I think I may already have said that several times and quite loudly to anyone that will listen (and also those that won't!), but yes I am 

This is their second ever race, they did the same event about 2 yrs ago when Baby Skol was the youngest rider there.


----------



## potsy (9 Feb 2014)

Excellent stuff from the junior skol's 

Hope the bikes are now spotless?


----------



## welsh dragon (9 Feb 2014)

I like Skol said:


> I think I may already have said that several times and quite loudly to anyone that will listen (and also those that won't!), but yes I am
> 
> This is their second ever race, they did the same event about 2 yrs ago when Baby Skol was the youngest rider there.



Well done and congratulations to the kids and a very proud dad.


----------



## coffeejo (9 Feb 2014)

That's great news, well done the Skols!


----------



## 400bhp (9 Feb 2014)

Looking forward to the day they leave Papa Skol for dead along the TPT

What's the youngest age you can get kids into this stuff? I must ask this on another thread. Mine is 5 and I'd like to get her involved in stuff.


----------



## Haitch (9 Feb 2014)

Well done. I used to ride a motorbike round that field.


----------



## dan_bo (9 Feb 2014)

Brill. Top stuff Skolly JRs.


----------



## babytiger (9 Feb 2014)

Well done to both your lads.Bet your well chuffed


----------



## Dangermouse (9 Feb 2014)

Yaaayyyyyyyyyyyy go Team Skol


----------



## fossyant (9 Feb 2014)

Good stuff. Both your lads can't half ride well.


----------



## I like Skol (9 Feb 2014)

potsy said:


> Hope the bikes are now spotless?


Of course! They get the glory and I get the hosepipe out......


400bhp said:


> Looking forward to the day they leave Papa Skol for dead along the TPT


It'll never happen, I'm still super dad in their eyes and plan to be for a long, long time! 


400bhp said:


> What's the youngest age you can get kids into this stuff? I must ask this on another thread. Mine is 5 and I'd like to get her involved in stuff.

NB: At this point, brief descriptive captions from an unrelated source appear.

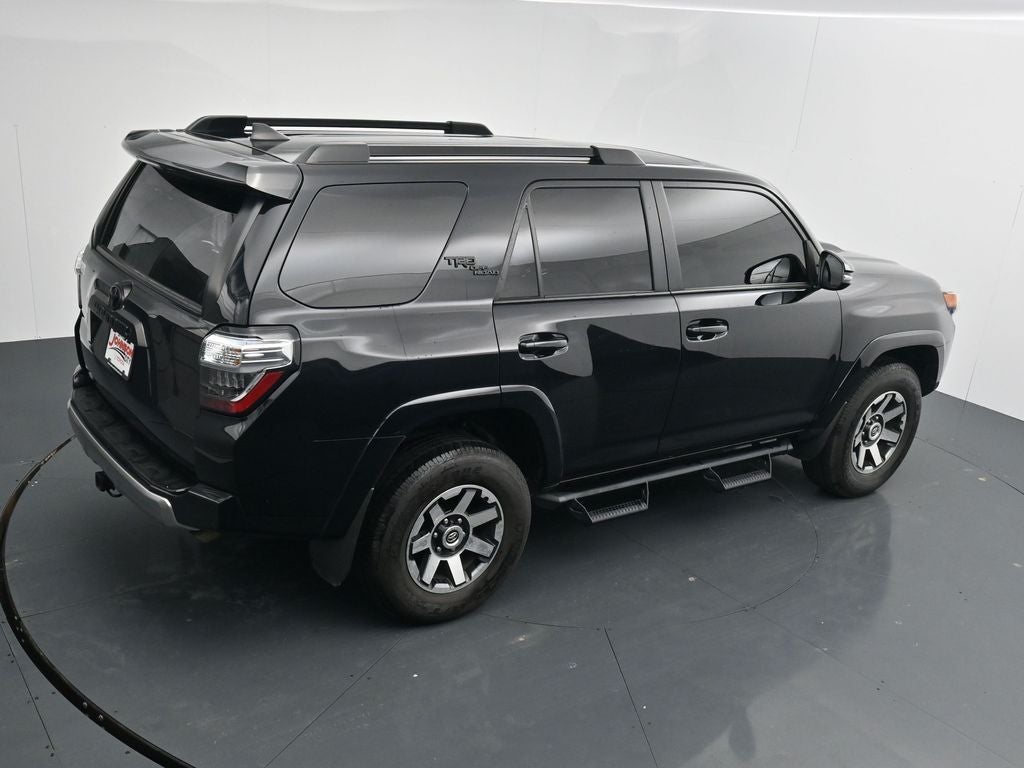 2024 Toyota 4Runner TRD Off-Road Premium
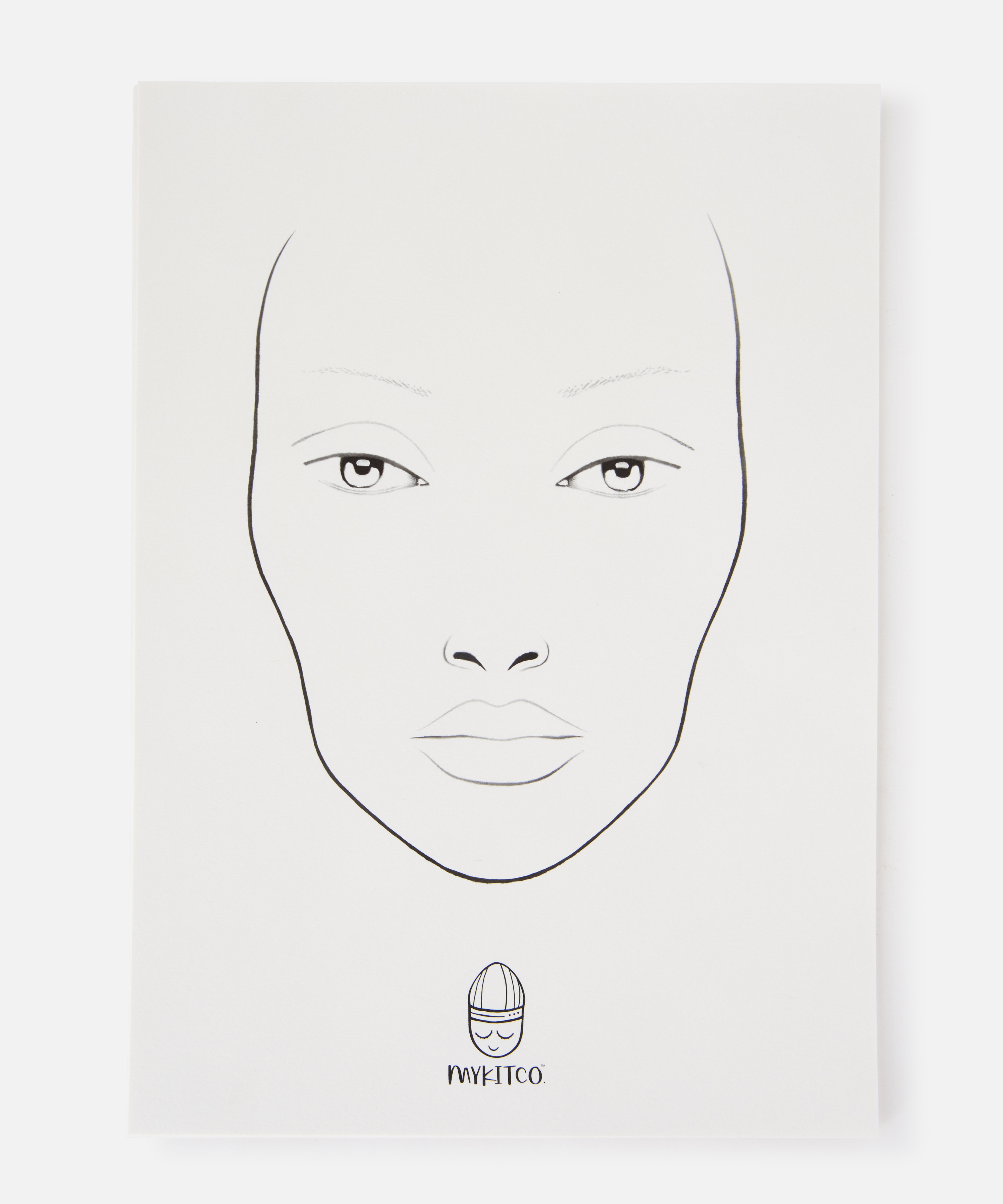 Mac Face Charts For Sale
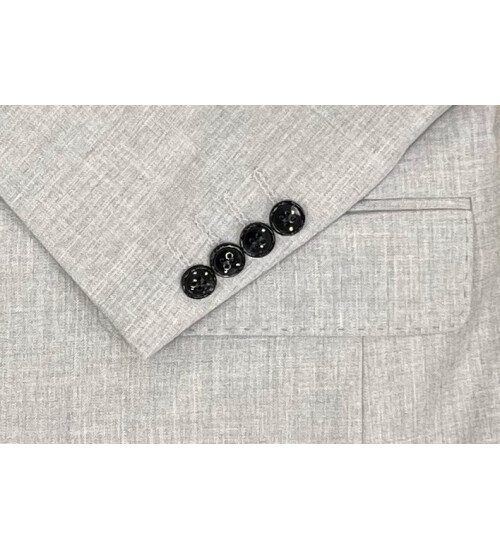 SUIT SARTORIA GRİ KRUVAZE TAKIM ELBİSE 2831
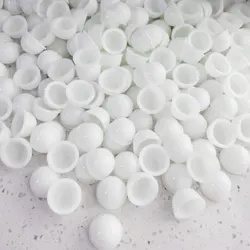 10pcs Light sensor housing  white Spherical Light cover Light balls photospheres Cosine of light corrector weather stations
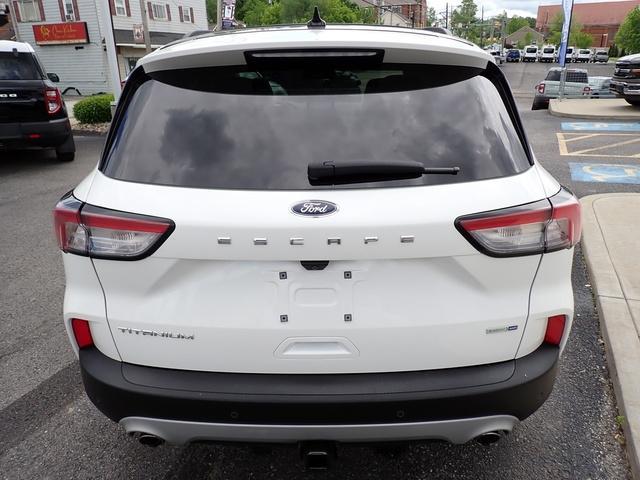 used 2020 Ford Escape car, priced at $19,995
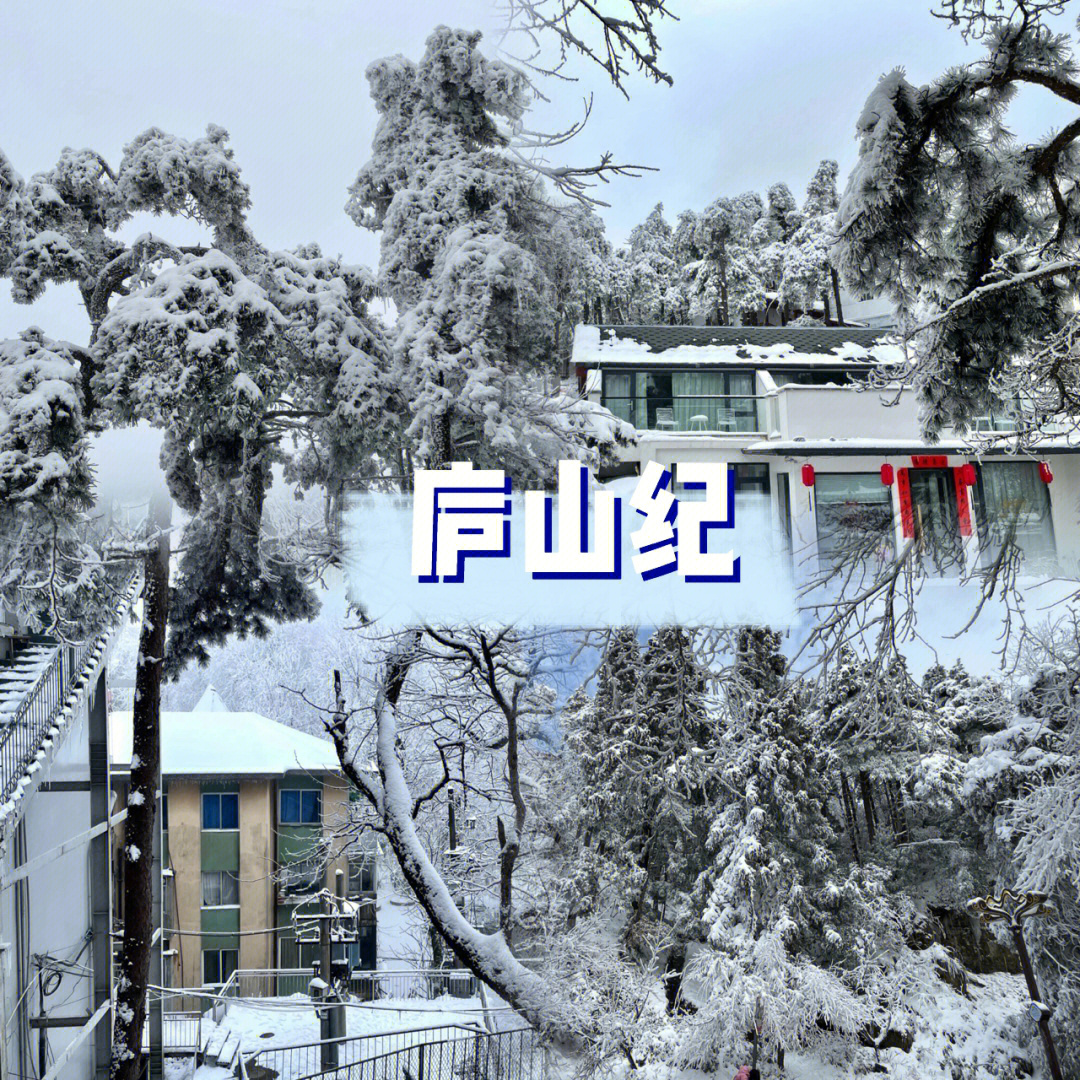 20220207雪季庐山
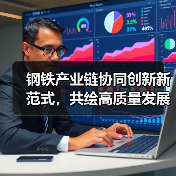 钢铁产业链协同创新新范式，共绘高质量发展新蓝图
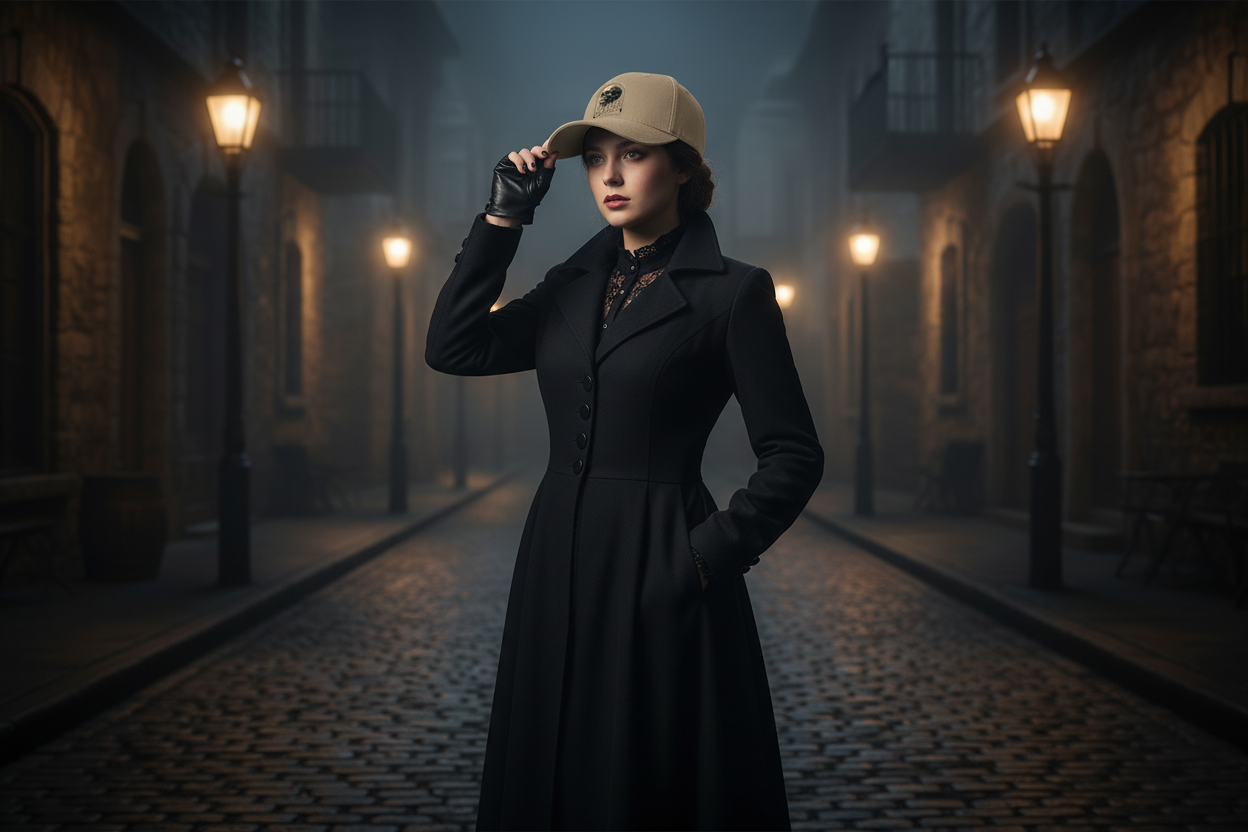 Death's Signature Hat Lifestyle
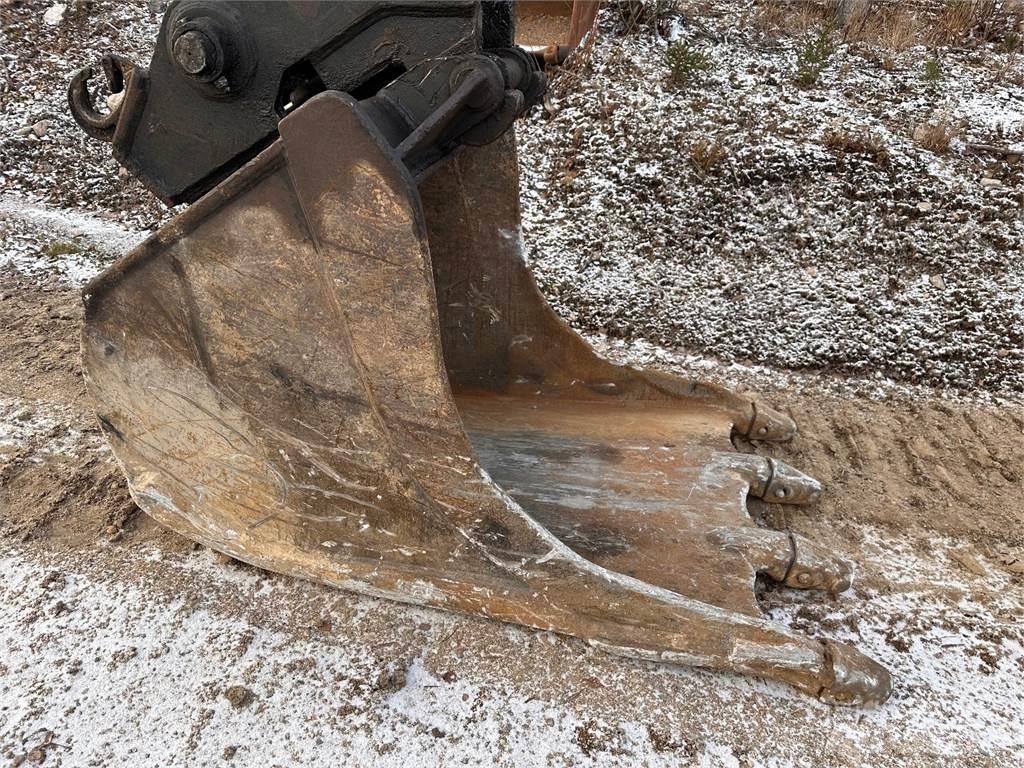 Hyundai 290LC-7A Rupsgraafmachines
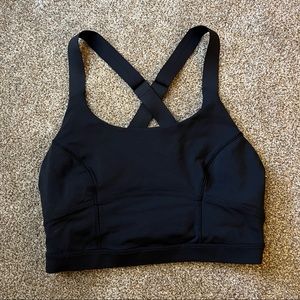 Lululemon // pure practice bra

My youngest did this event I think in Nov 2011 so would have been around 5¾. The BC team are very enthusiastic and accommodating and I'm sure you would have fitted right in if you had turned up today. I think today's event was more of a promotional event but I'm pretty sure the organising club (Mossley CRT?) and BC do run a series through the year that follows on from todays event?


dan_bo said:


> Brill. Top stuff Skolly JRs.


As I watched them race I just kept wishing I had participated in that race you did at Clayton Vale recently (I can do that! )


fossyant said:


> Good stuff. Both your lads can't half ride well.


I know they are competent because we do lots of varied types of riding, but today they proved they are good. I can see me having a long and fruitful career as the Team Skol support crew in years to come!


----------



## coffeejo (10 Feb 2014)

I like Skol said:


> Im still super dad in their eyes and plan to be for a long, long time!


Someone in my group said recently - rather wistfully - that his grandkids used to boast about their grandad being the fastest cyclist in the world. Then it was "after Wiggo". Now "and Chris Frome" has been tacked onto the end. Kids - they keep you honest


----------



## Puddles (10 Feb 2014)

Congratulations to the small Skols & big Skols well done!


----------